**Required work:**
Please give back only the lines below from the one containing "OYO 18651 Hotel Sharda" to the one containing "Senam Masal Wisuda", each repeated word for word, both ends included.
== Listed records ==
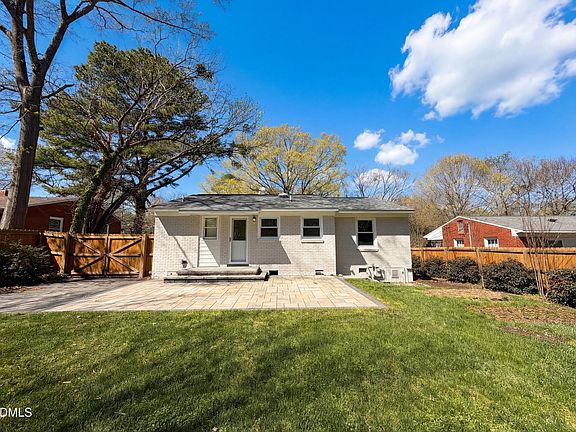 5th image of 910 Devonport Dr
===
== Listed records ==
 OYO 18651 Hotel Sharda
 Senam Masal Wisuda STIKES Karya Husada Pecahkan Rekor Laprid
===
**Answer to this exercise:**
 OYO 18651 Hotel Sharda
 Senam Masal Wisuda STIKES Karya Husada Pecahkan Rekor Laprid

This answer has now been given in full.